Proving Equivalences (hdu 2767 强联通缩点)

Proving Equivalences

Time Limit: 4000/2000 MS (Java/Others)    Memory Limit: 32768/32768 K (Java/Others)

Total Submission(s): 3743    Accepted Submission(s): 1374

Problem Description

Consider the following exercise, found in a generic linear algebra textbook.



Let A be an n × n matrix. Prove that the following statements are equivalent:



1. A is invertible.

2. Ax = b has exactly one solution for every n × 1 matrix b.

3. Ax = b is consistent for every n × 1 matrix b.

4. Ax = 0 has only the trivial solution x = 0. 



The typical way to solve such an exercise is to show a series of implications. For instance, one can proceed by showing that (a) implies (b), that (b) implies (c), that (c) implies (d), and finally that (d) implies (a). These four implications show that the
four statements are equivalent.



Another way would be to show that (a) is equivalent to (b) (by proving that (a) implies (b) and that (b) implies (a)), that (b) is equivalent to (c), and that (c) is equivalent to (d).

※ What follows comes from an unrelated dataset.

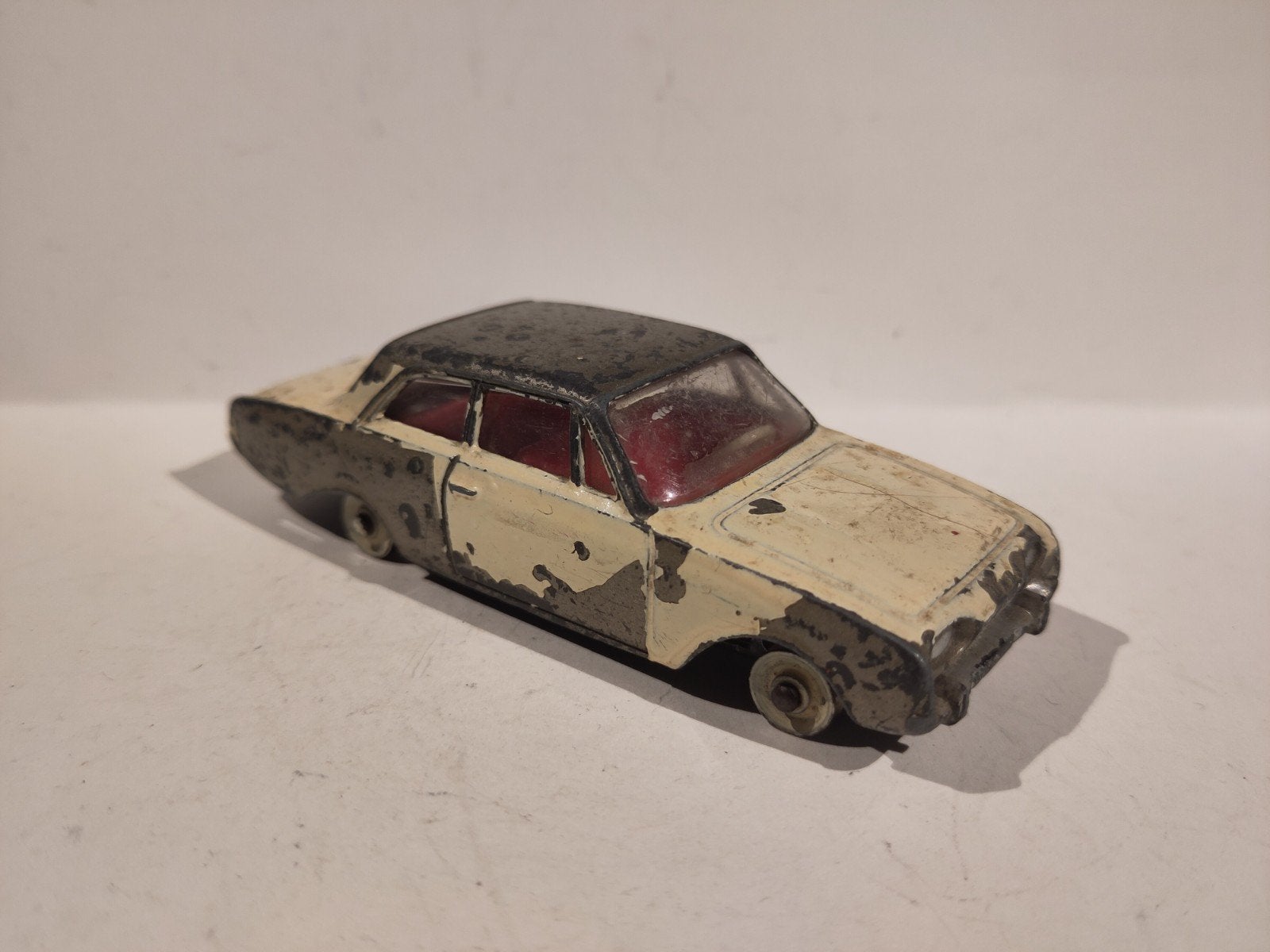 Dinky Toys No. 559 Ford Taunus, Ophalen of Verzenden, Gebruikt, Auto, Dinky Toys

However, this way requires proving six implications, which is clearly a
lot more work than just proving four implications!



I have been given some similar tasks, and have already started proving some implications. Now I wonder, how many more implications do I have to prove? Can you help me determine this?

 

Input

On the first line one positive number: the number of testcases, at most 100. After that per testcase:



* One line containing two integers n (1 ≤ n ≤ 20000) and m (0 ≤ m ≤ 50000): the number of statements and the number of implications that have already been proved.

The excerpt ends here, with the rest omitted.